(Captioned web image data)
= Beginning of Section =

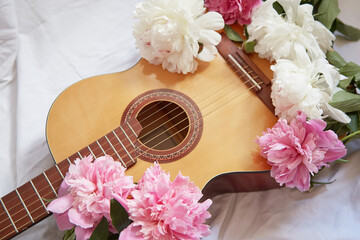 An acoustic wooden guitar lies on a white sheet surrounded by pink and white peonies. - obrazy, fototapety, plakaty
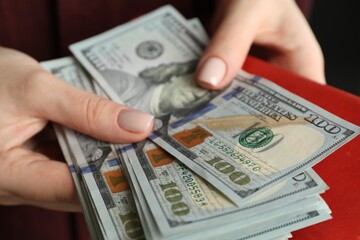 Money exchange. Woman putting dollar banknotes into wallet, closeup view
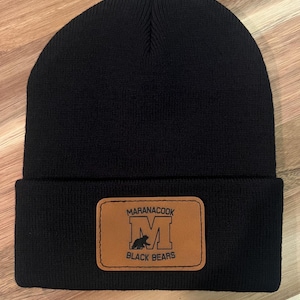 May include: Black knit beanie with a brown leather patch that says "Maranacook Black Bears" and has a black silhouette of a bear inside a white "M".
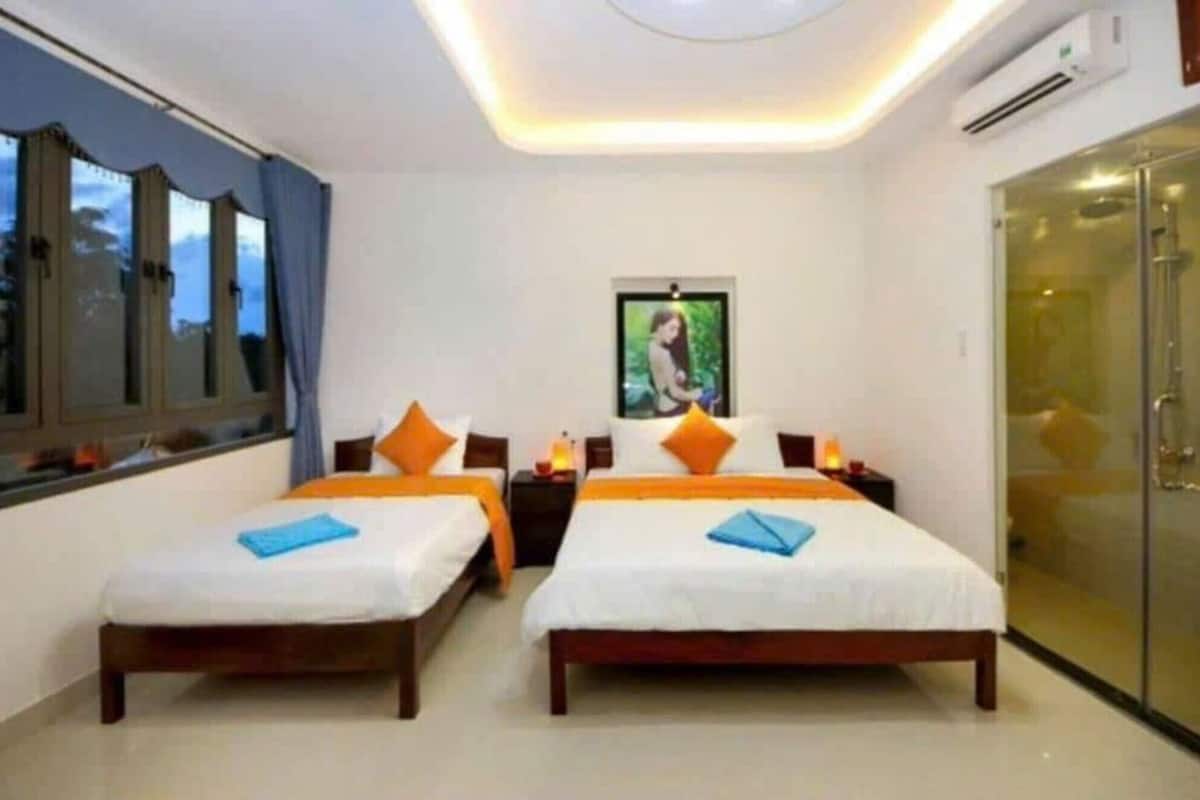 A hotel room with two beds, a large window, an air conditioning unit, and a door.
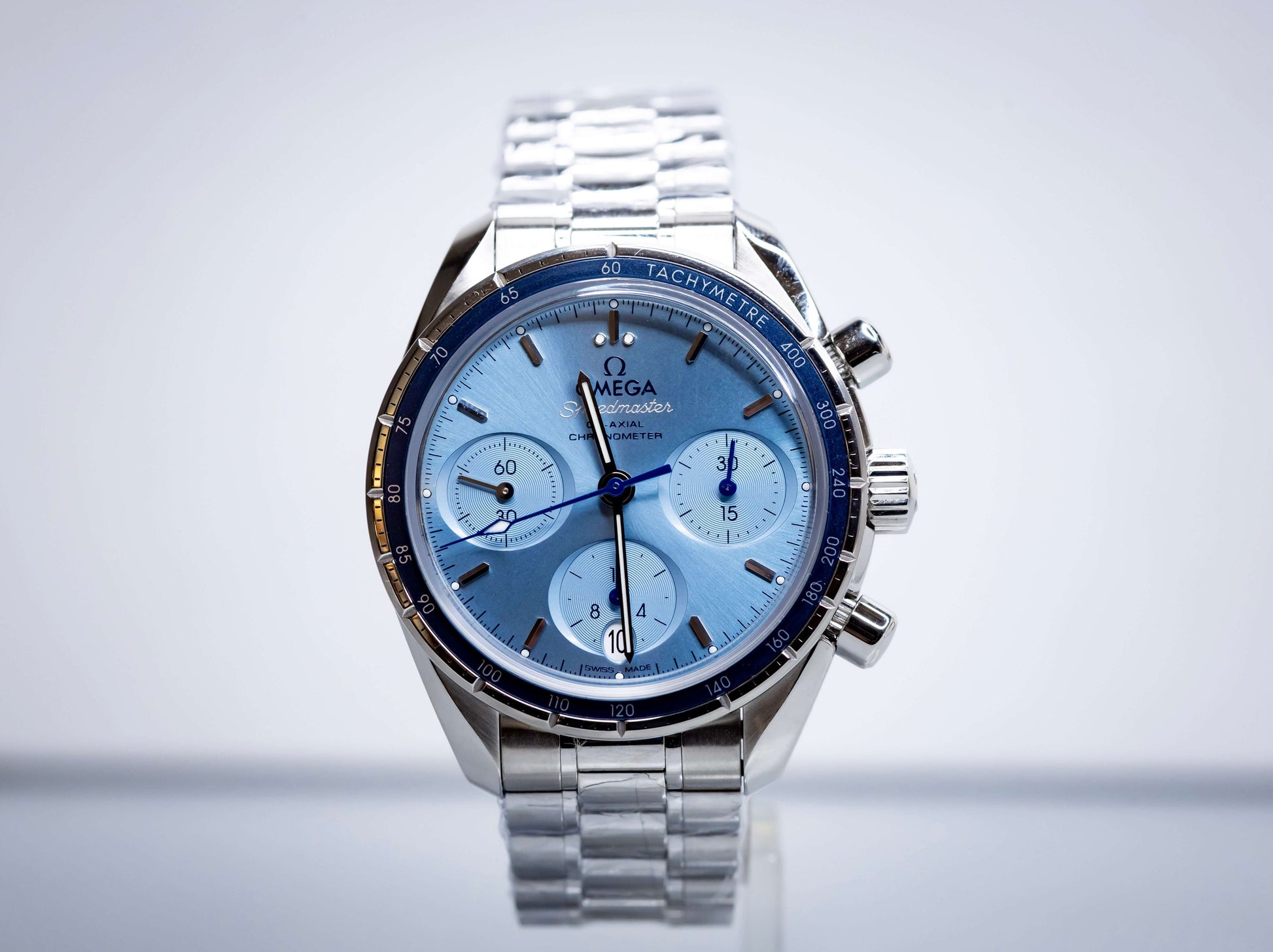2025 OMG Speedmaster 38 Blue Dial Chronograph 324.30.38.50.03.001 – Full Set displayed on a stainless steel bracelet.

= End of Section =

## Aim of the task
Give the records again without a single change, and exclude the pictures.

## Written answer
 An acoustic wooden guitar lies on a white sheet surrounded by pink and white peonies. - obrazy, fototapety, plakaty
 Money exchange. Woman putting dollar banknotes into wallet, closeup view
 May include: Black knit beanie with a brown leather patch that says "Maranacook Black Bears" and has a black silhouette of a bear inside a white "M".
 A hotel room with two beds, a large window, an air conditioning unit, and a door.
2025 OMG Speedmaster 38 Blue Dial Chronograph 324.30.38.50.03.001 – Full Set displayed on a stainless steel bracelet.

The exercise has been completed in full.